Вскоре после Джи-Джей переехал через дорогу, с печальными мебелями из греческих трущоб Маркет-стрит, где слышны завыванья с восточных греческих пластинок воскресным днем, где пахнет медом и миндалем. «Призрак Зэпа в этом клятом парке», — говорил Джи-Джей и никогда не ходил домой через поле, вместо этого перся по Риверсайд-Саре или Гершом-Саре, а Фиби (где он жил все те годы) была центром этих двух рукавов.
Парк посредине, Муди идет по дну.
Так я начал видеть призрак Зэпа Плуффа — он мешался с другими саванами, когда я возвращался домой из бурой лавки Детушей с «Тенью» под рукой. Мне хотелось исполнить свой долг смело — я выучился переставать плакать в Сентралвилле и был полон решимости не начинать в Потакетвилле (в Сентралвилле была св.

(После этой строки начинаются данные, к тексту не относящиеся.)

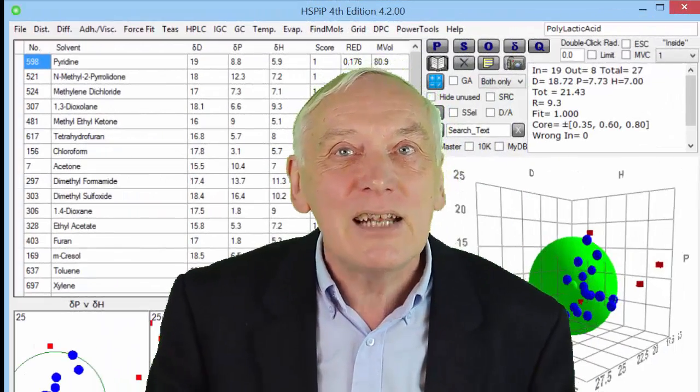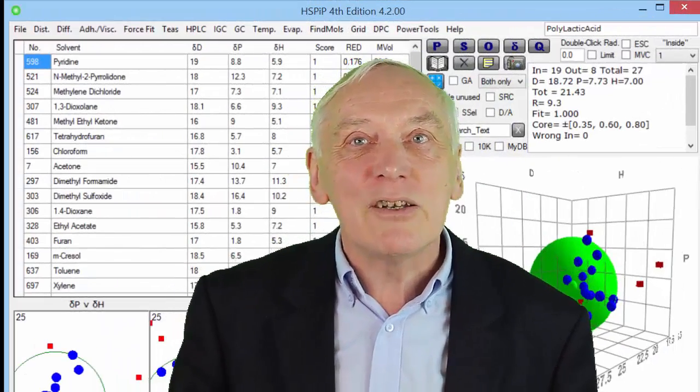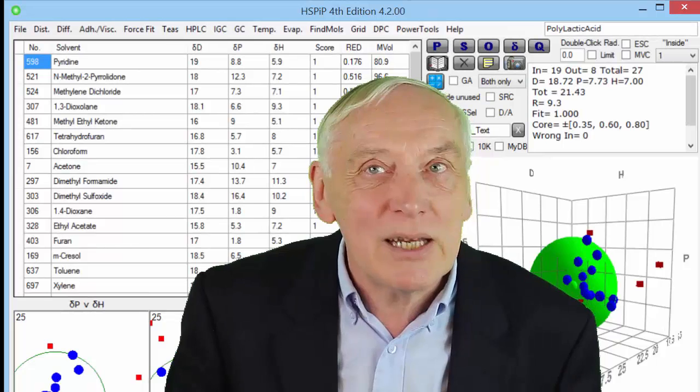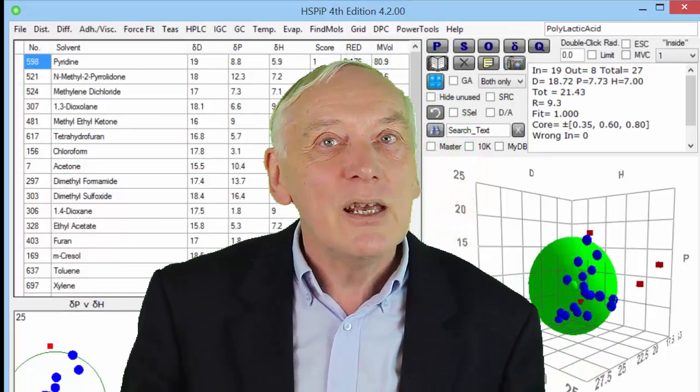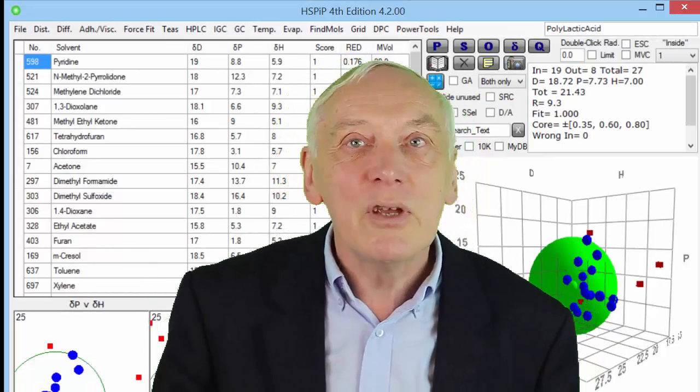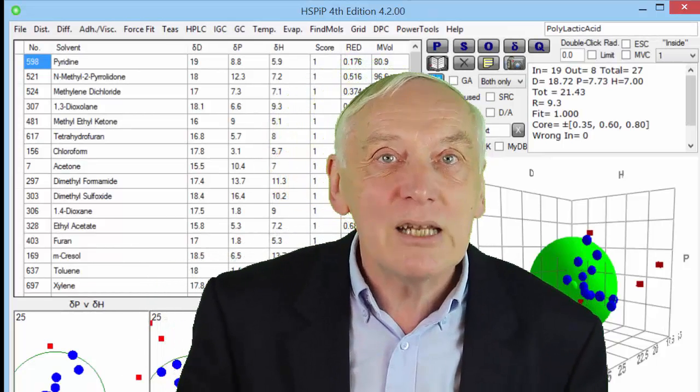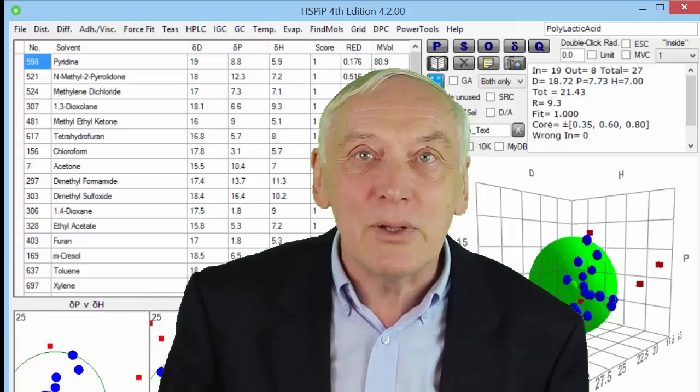In this clip, we will look at how to estimate the Hansen solubility parameters for molecules where no measured values are available.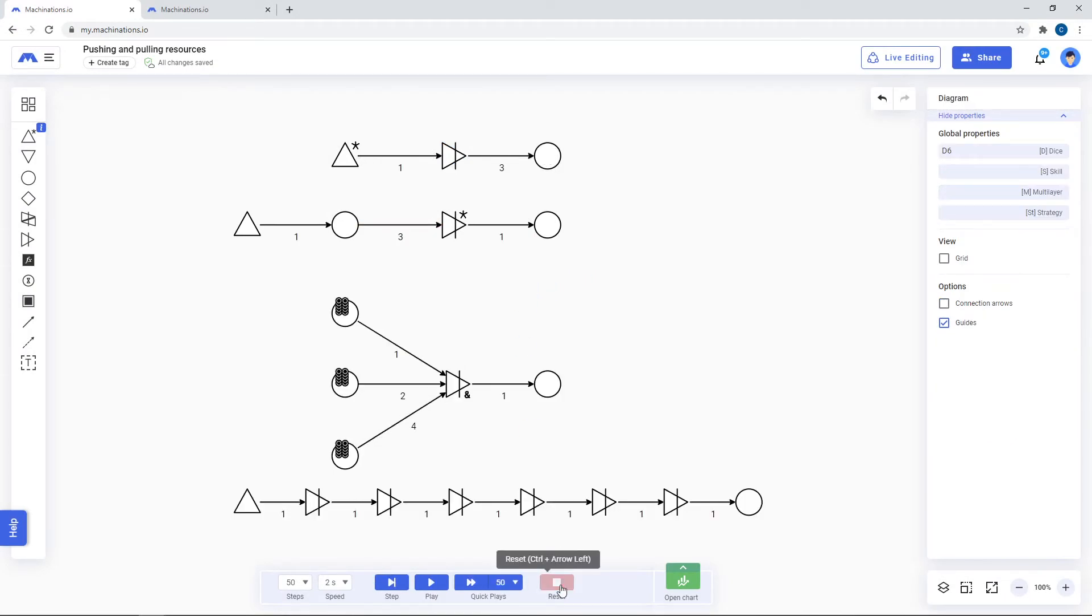Converters set to pull any will keep any resources that they pull and only convert them when the required amount is reached.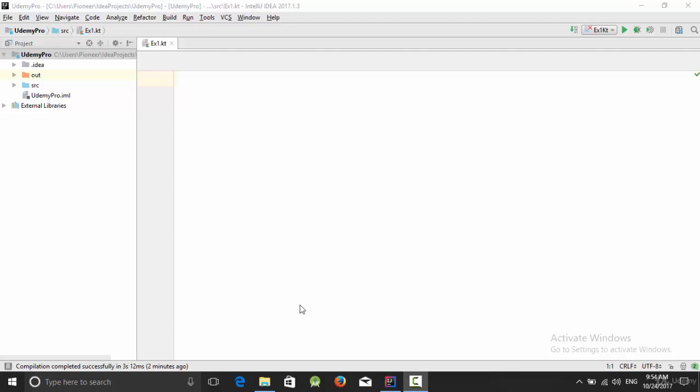In this video we are going to talk about arrays and three types of arrays: created using the keyword arrayOf, ArrayList, and also using HashMap arrays.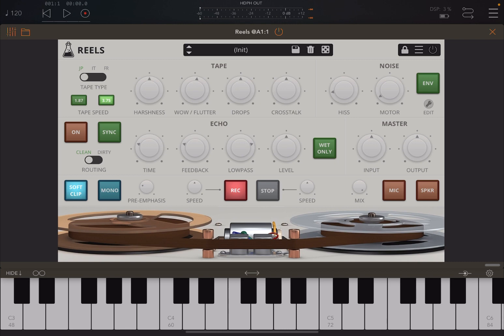So, what is Reels? Reels is a really nice tape emulation — one of those tape emulations which allows you to actually get that lo-fi type of sound.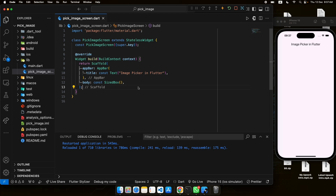Hello, welcome back to my YouTube channel. In this video we will learn how we can pick images from a device gallery or camera in Flutter. We have a simple app showing on the screen with the title 'Image Picker in Flutter'. We need a package in Flutter to pick these images.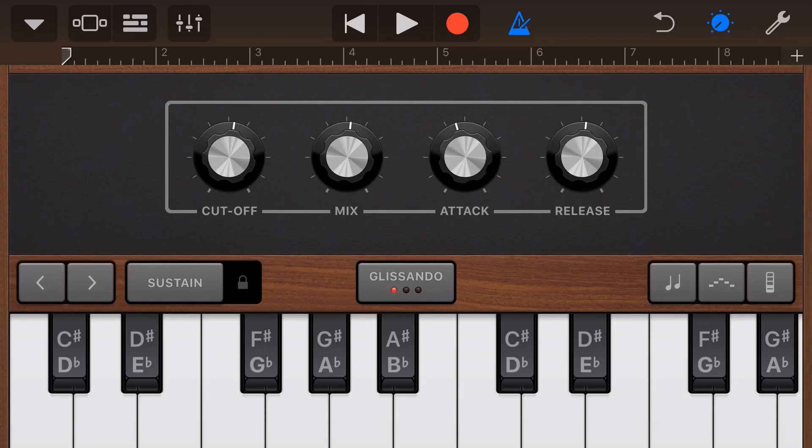Attack and release are two options that you're going to see a lot in music production, but what do they do and how do you use them? Well, in this GarageBand Quick Jam, I'm going to let you know. Let's go.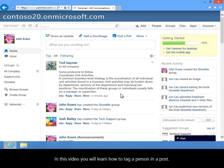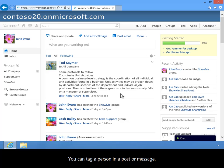In this video you will learn how to tag a person in a post. You can tag a person in a post or message.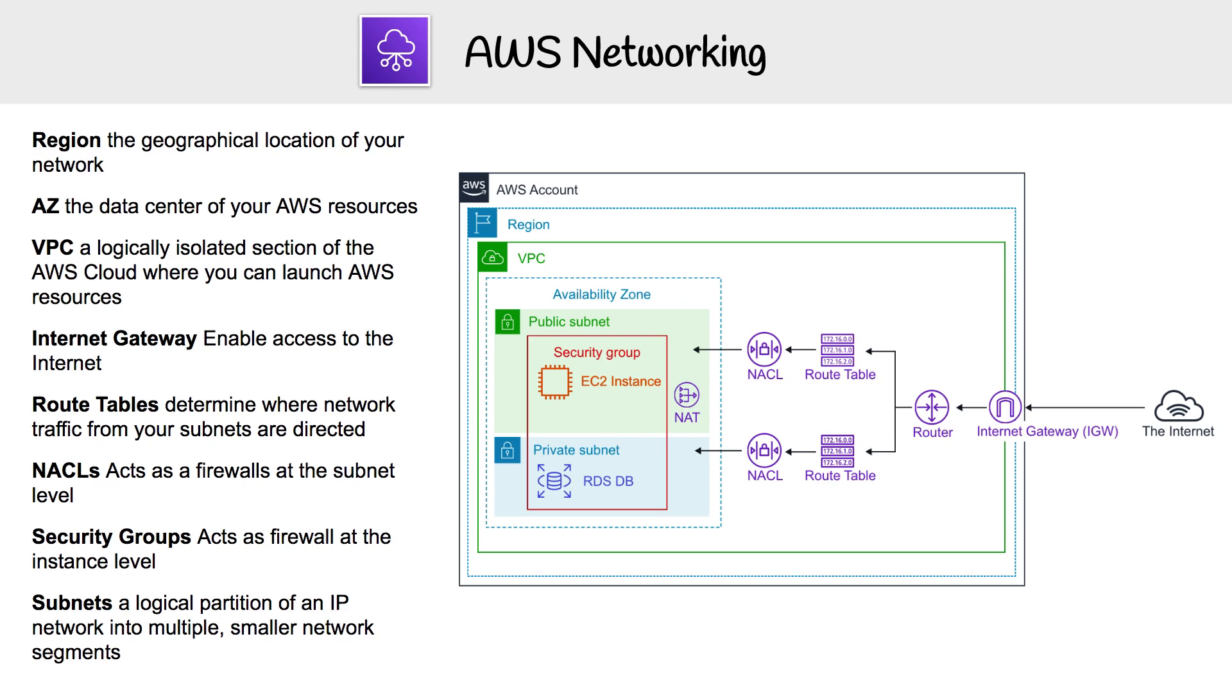So now we have a region, we have a VPC, we have our subnets. We can go ahead and start launching resources into our subnets. We could launch an EC2 instance or an RDS instance, but how is that EC2 instance going to reach the internet? In order to do so, we're going to need a gateway to the internet, and that's where Internet Gateway comes into play.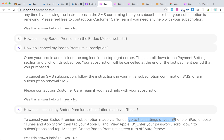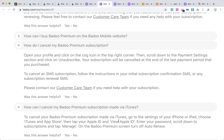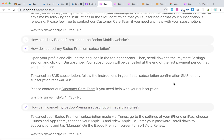With every new iOS update these menus can change, so your task is just to find the subscription menu under Apple ID — it could be a panel or just a menu option. You will find all your Apple ID subscriptions there. This is how you cancel your Badoo Premium through Apple ID. Hope it was helpful, guys — thanks for watching!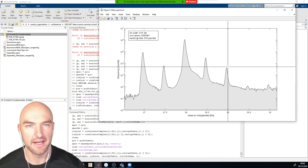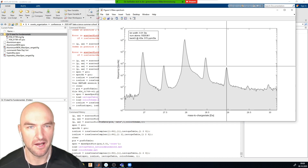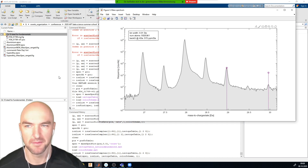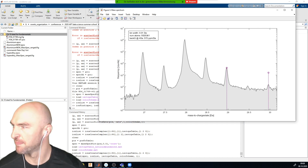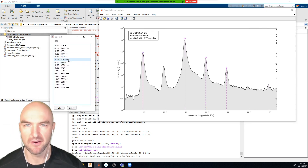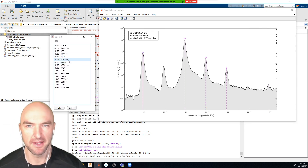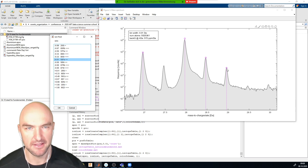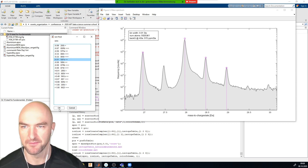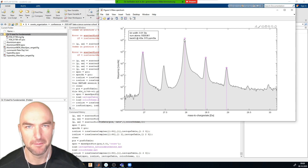If I look at the iron-58 peak, you can see the minor peaks are a pretty good fit. But the major peak shows a little bit of difference — there's a discrepancy there.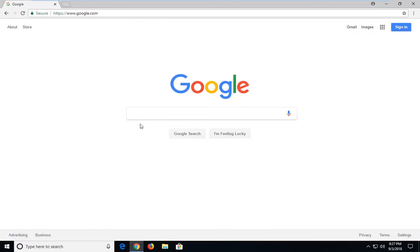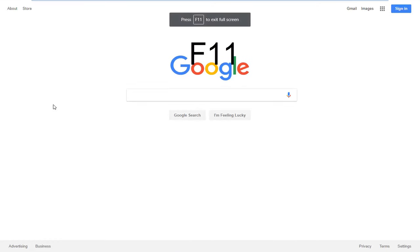So pretty straightforward. There's a couple different ways to do it. If you're on a Windows computer, you could hold down the F11 key on your keyboard just to make it go full screen.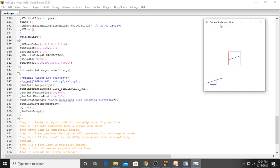This is the output window with the title — you can see the title here: Cohen-Sutherland line clipping algorithm. We are calling the display function, so once the line is drawn the output will come here. We have myinit. We will see the init functions, and this main loop keeps all your callback functions under a loop. Till you close the program, main will be under a loop.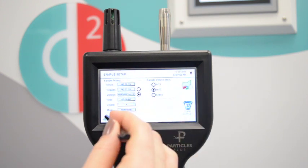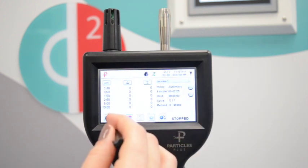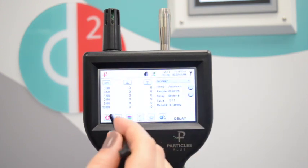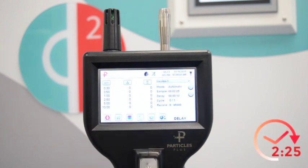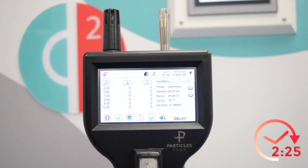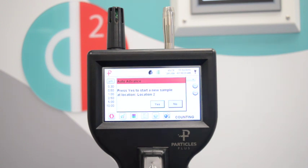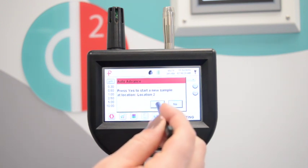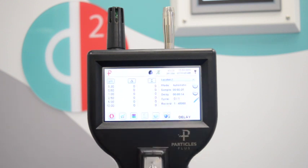And now we will start the sample. Now this count has finished it will automatically move to location 2 and ask if you'd like to start sampling again. Once you press yes sampling will begin.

Тереза и повороты ее штукатурной головы, притаившийся Иисус, виденья Французских, Католических или Семейных Призраков, что роились в углах и открытых дверях чуланов посреди ночи и сна посреди, а также похороны повсюду, венки на белой двери из старого дерева, где краска потрескалась, и ты знаешь, что какой-нибудь старый серый прахолицый мертвый призрак прибывает профилем у свечи, и удушают цветы в буромраке мертвых сородичей, что стоят заунывно на коленях, а сын этого дома обряжен в черный костюм Увы Мне! и слезы матерей и сестер и перепуганных смертных могилы, слезы текут в кухне и у швейной машинки наверху, а когда умирает один — умирают трое)… (еще двое умрут, кто это будет, что за фантом преследует тебя?) Доктор Сакс обладал знанием смерти… но был он безумным дурнем силы, фаустовым человеком, ни один фаустианец не боится темноты — только феллахи — и Готического Каменного Католического Собора Летучих Мышей и Баховых Органов в Синих Полу Ночных Мглах Черепа, Крови, Пыли, Железа, Дождя, что вбуравливается в землю к змею старинному.
Пока дождь хлестал в оконное стекло, а на ветви наливались яблоки, я лежал в белых моих простынях, читал с котом и батончиком… вот тут-то все это и зародилось.
Подземный ворчащий ужас лоуэллской ночи — черное пальто на крюке на белой двери — в темноте — у-у-х! — сердчишко мое, бывало, грохало вниз при виде громадного головного покрова, что вставал на дыбы, подхлестнутый вожжами, в липкой пасте моей двери — Откроешь дверь чулана, все, что под солнцем, внутри, и под луной — бурые дверные ручки величественно выпадают — сверхштатные призраки на разных крючках в дурной пустоте, подглядывают за моей постелью сна — крест в маминой спальне, торговец в Сентралвилле его ей продал, то был фосфоресцирующий Христос на черном лакированном Кресте — он светился, Иисус во Тьме, я всякий раз сглатывал от страха, если проходил мимо, когда садилось солнце, он принимал собственное свечение, как похоронные дроги, словно в «Убийстве по часам»[32], кошмарной страховизжащей кинокартине о старой даме, что квохчет в полночь из своего мавзолея с — ее никогда не видно, лишь горестная тень ползет по секретеру тук-тук-тук, а ее дочери и сестры верещат по всему дому — Никогда не нравилось мне видеть дверь моей спальни даже чуть приотворенной, во тьме она разверзалась черной дырой опасности. — Квадратный, рослый, худой, суровый, Граф Кондю стоял у меня в дверном проеме множество раз — у меня в спальне была старая «Виктрола», тоже призрачная, ее населяли старые песни и старые пластинки грустной американской древности в ее старой утробе красного дерева (куда я, бывало, совал руку и жал на гвозди и трещины, среди игольной пыли, старых стенаний, Руди[33], магнолий и Жаннин периода двадцатых[34]) — Страх перед гигантскими пауками, с ладонь величиной, а ладони что бочонки — почему… подземные рокочущие ужасы лоуэллской ночи — во множестве.